Ao se chegar ao segundo julgamento de Doca Street e finalmente o Brasil mostrar alguma indignação em relação ao crime, o arco narrativo do podcast se fecha com a nova onda de repercussão na sociedade. A primeira onda foi de bisbilhotice e de machismo e se resumiu assim: Ângela era uma devassa e Doca não merecia castigo por ter “se defendido” dela.  A segunda onda foi de indignação não só por Ângela, mas por todas as vítimas de feminicídio, termo que seria adotado no Brasil mais de 30 depois. Nesse ponto, o crime da Praia dos Ossos supera a curiosidade em torno da figura fascinante de Ângela Diniz para se tornar parte de uma reação contra o machismo e contra a violência como forma de expressão e de poder.

Vou fazer um desvio aqui para falar não mais do podcast, mas de dois desses personagens que me impressionaram: Ângela e a mãe, que são praticamente uma única pessoa, e Fritz D’Orey. Obviamente Ângela Diniz é o grande mistério deste romance trágico, a vítima que nunca pode ser ouvida. Fico conjecturando porque ela limitou tanto sua vida a festas, sexo e álcool se era tão inteligente como todos a descreveram. Fiquei com a impressão de que agia como alguém que cumpriu seu destino muito cedo (ela foi criada para casar bem e o fez com 18 anos) para em seguida se ver perdida no mundo com toda sua inteligência e energia. A mãe, Maria do Espírito Santo, acreditou que tinha grandes planos para a filha, mas era planos mesquinhos. Como tantas mulheres de sua geração, Ângela foi treinada para ser esposa e mãe. Sem os filhos, de quem foi afastada, restou a ela a prorrogação luxuosa e alcoolizada da vida de debutante.

O outro personagem que me impressionou foi Fritz D’Orey. Ele era amigo de Ângela, tão amigo que é a única voz, entre todas que ouvimos no podcast, em que se nota emoção ao falar dela. Também foi o único que expressou revolta contra Doca Street, a quem os amigos parecem condenar menos do que à própria vítima. D’Orey era um homem rico, ex-piloto de Fórmula 1, bem relacionado. Podia ser mais um playboy empenhado em levar Ângela para a cama. Mas foi o amigo com quem ela podia chorar e que a protegia quando o namorado ciumento armava escândalo. Em uma novela de tevê, seria um coadjuvante. Mas passados 44 anos, o amigo D’Orey é o personagem mais cativante deste drama e sobre quem ficamos querendo saber mais.

Praia dos Ossos tem oito episódios, todos já disponíveis no site da Rádio Novelo e nos aplicativos. Daqui para a frente, não dá para fazer podcast sem tê-lo como referência.

Sobre o/a autor/a

3 comentários em “Na Praia dos Ossos, com respeito e inteligência”
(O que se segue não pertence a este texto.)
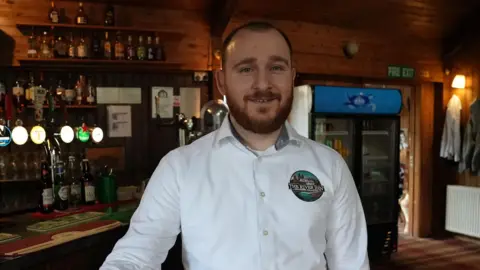 A man with short dark ginger hair and a short beard smiles at the camera while standing in a bar. He wears a white shirt 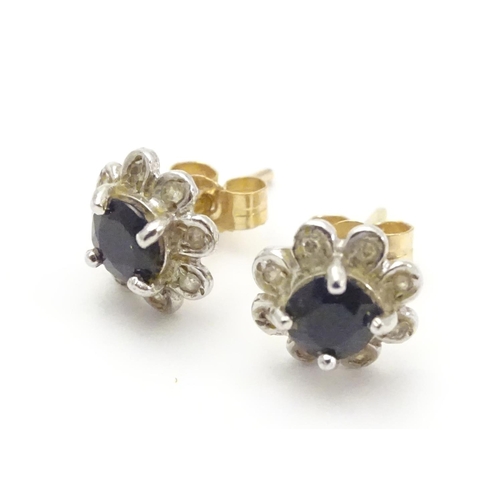 482 - A pair of 9ct gold stud earrings set with central blue stone bordered by chip set diamonds. Approx. ...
  1. Rafael Rocha Veloso Freire

    Doca Street, era marrento brigão e se achava o máximo, não esquecendo da personalidade forte da Ângela. Ele largou tudo por ela, voaram alto demais!
    E essas foram as consequências.

  2. Este crime também abalou minha infância. Assim como a escritora Marleth eu chorei a morte daquela mulher que aparecia nas capas de revistas de meu pai. Acho que me tornei feminista à partir daquele momento. Na minha cabeça adolescente, entendi perfeitamente o slogan “quem ama não mata”.

  3. Marleth, grande nome do jornalismo paranaense, bom poder ler você por aqui. Afiada como sempre…. parabéns a você e a este jornal que me orgulho de assinar.